Yup. So I ran off to the store.
I'm looking at the TheraFlu. Shoot, you have to be able to heat water for that.
Ended up with two packages of capsule form of Vick's Nyquil. Your donor dollars at work!

Monday, March 09, 2009

News: Homeless people are not bums


We've had a running joke about posting pictures of our clients, so that people could adopt them online. Exploitive, horrible, but absurd/funny. And impossible.
Now someone has done it. More here.
Exploitive. Horrible

Friday, March 06, 2009

Train Wreck


First stop, Nickelsville, now located at Bryn Mawr United Methodist, near Renton. Not close, but oh well. Kudos to the church for hosting for three months.

Stopped at the usual places, nice conversation. Encouraged Da Nang to make up with his buddy. He said he would.

Then, on the way back to HQ I saw an old friend, struggling with drug issues. It's 11:30 at night, she's headed downtown. I pull a three-lane U-Turn and roll down the window. "You okay?" I ask her.

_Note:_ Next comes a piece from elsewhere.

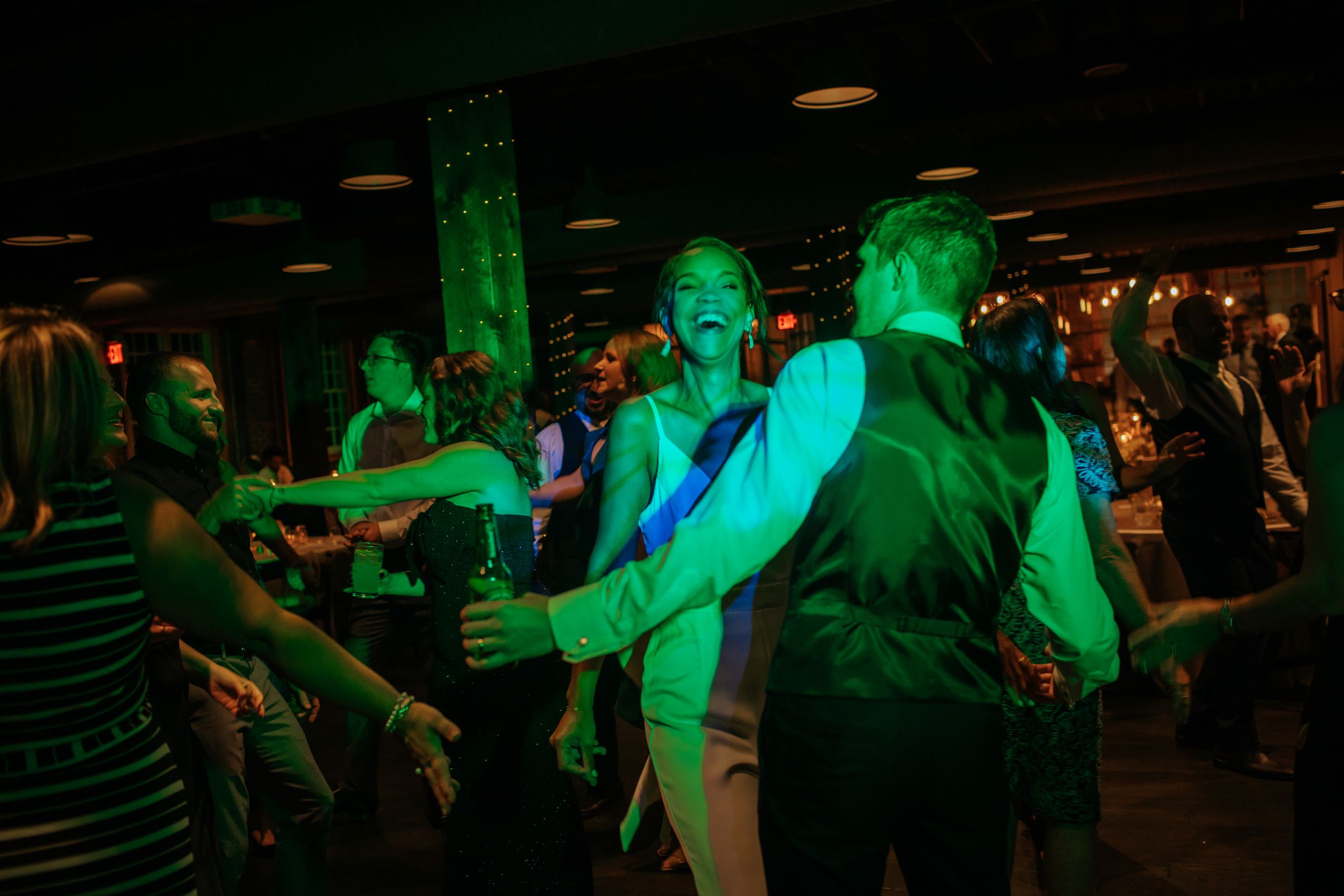 Wedding reception dance floor illuminated with green lighting as guests celebrate and dance together.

I know the answer, but I wanted to hear what she said.

"I'm just going downtown to meet my boyfriend." She's lying, lying, lying. She going to make a connection.

She knows I know she's lying.

It's like watching a train wreck in slow motion. Just gotta stand back and let it happen. It's too late to wave lanterns or throw switches.

I'm going to bed, sick to my stomach.